Output the full listing exactly as written, with no pictures in it.

── Provided data

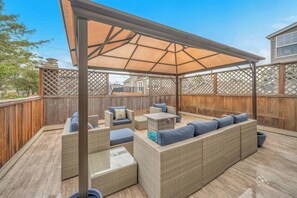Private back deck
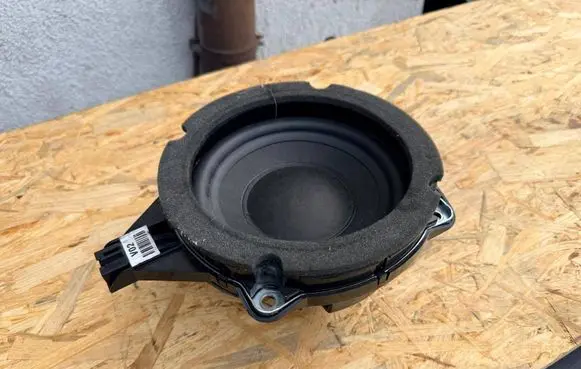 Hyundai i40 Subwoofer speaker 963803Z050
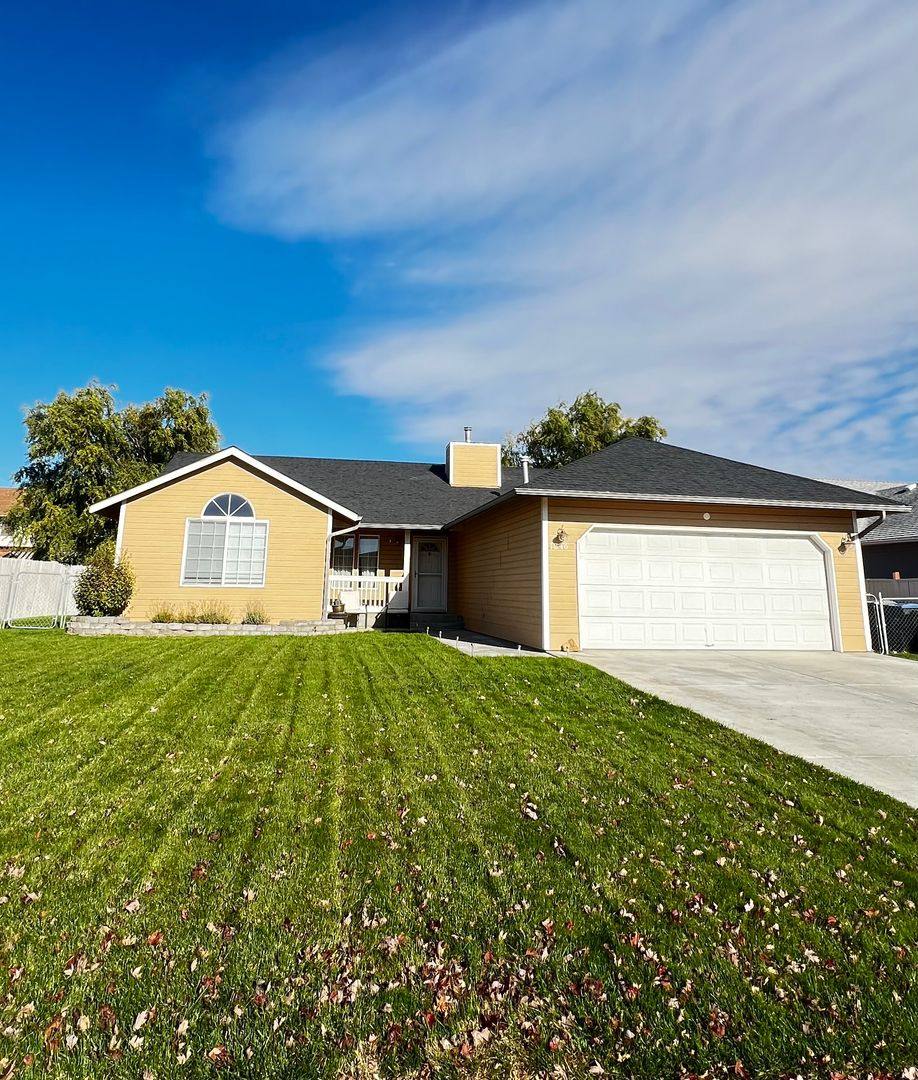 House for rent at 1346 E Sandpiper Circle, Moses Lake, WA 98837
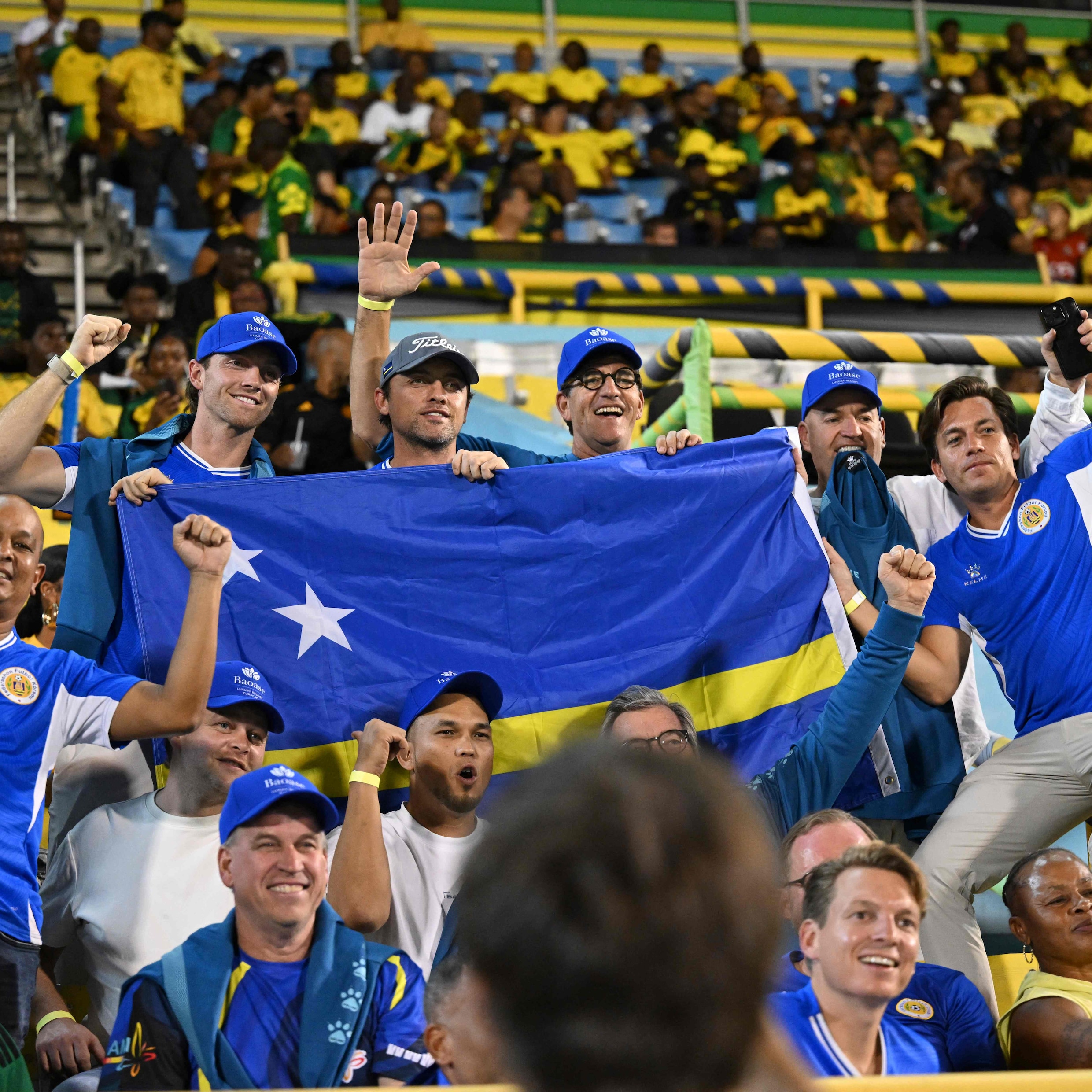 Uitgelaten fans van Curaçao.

────

§ **Answer section**:
Private back deck
 Hyundai i40 Subwoofer speaker 963803Z050
 House for rent at 1346 E Sandpiper Circle, Moses Lake, WA 98837
 Uitgelaten fans van Curaçao.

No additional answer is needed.